Re^2: Perl file names and extensions
by bradcathey (Prior) on Aug 03, 2004 at 16:57 UTC

    davorg, thanks for this example. I have seen URL's like this, but could not figure out how it worked. However, I'm still not sure of the mechanics.

    I assume that the index.cgi is in the directory "login" in your example, but does the lone "?" fire the cgi without the need of a program name, as in: /login/index.cgi?mode=new.

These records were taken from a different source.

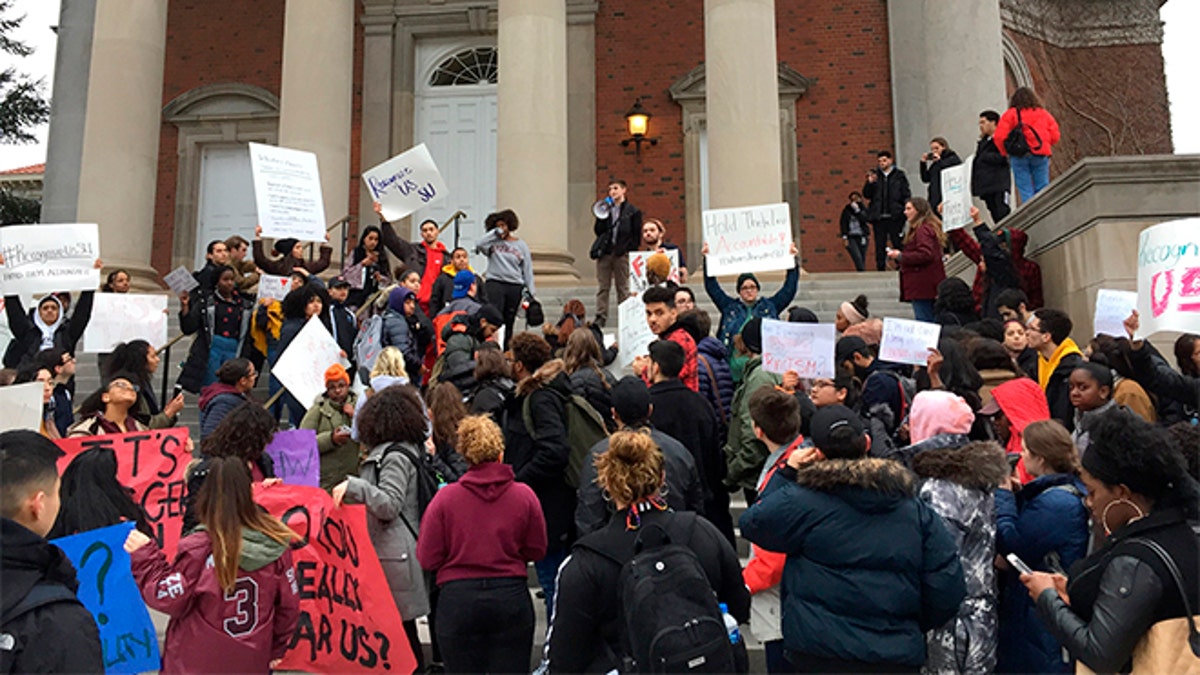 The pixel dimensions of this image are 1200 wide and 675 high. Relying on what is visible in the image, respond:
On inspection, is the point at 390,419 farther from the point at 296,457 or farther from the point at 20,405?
the point at 20,405

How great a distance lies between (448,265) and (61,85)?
11.7 metres

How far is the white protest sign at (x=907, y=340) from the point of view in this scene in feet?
22.8

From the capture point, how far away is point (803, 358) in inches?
255

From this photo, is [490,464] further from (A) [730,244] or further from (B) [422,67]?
(B) [422,67]

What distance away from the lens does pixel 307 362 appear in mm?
7715

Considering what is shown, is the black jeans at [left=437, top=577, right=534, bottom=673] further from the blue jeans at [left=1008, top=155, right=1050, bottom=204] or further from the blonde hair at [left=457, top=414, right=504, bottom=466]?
the blue jeans at [left=1008, top=155, right=1050, bottom=204]

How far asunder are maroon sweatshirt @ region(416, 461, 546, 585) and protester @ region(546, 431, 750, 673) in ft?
2.71

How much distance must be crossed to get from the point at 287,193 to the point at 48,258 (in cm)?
273

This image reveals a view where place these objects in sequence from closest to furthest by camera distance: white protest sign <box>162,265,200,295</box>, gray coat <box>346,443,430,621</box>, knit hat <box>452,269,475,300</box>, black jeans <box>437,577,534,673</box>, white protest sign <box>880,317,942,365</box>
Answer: black jeans <box>437,577,534,673</box>, gray coat <box>346,443,430,621</box>, white protest sign <box>880,317,942,365</box>, knit hat <box>452,269,475,300</box>, white protest sign <box>162,265,200,295</box>

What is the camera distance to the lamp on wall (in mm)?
18141

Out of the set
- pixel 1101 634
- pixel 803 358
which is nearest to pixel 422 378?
pixel 803 358

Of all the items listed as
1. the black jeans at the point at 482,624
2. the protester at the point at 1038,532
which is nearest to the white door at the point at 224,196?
the black jeans at the point at 482,624

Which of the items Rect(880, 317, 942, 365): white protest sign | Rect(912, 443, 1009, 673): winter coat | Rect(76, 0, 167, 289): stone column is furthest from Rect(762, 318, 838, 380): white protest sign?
Rect(76, 0, 167, 289): stone column

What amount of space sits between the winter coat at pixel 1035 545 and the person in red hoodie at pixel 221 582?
9.70 ft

I.e., the "index.cgi" is not needed, right?

    This is the first time I've been exposed to mod_rewrite and have done some Super Searching and found this by Mad Hatter. Would something like this work with your example?

    RewriteEngine on RewriteBase /subDir/ # only redirect if the file requested isn't index.cgi # capture anything else and redirect it to index.cgi RewriteCond %{REQUEST_FILENAME} !^index.cgi RewriteRule ^(.+)/?$ index.cgi?rm=$1 [L]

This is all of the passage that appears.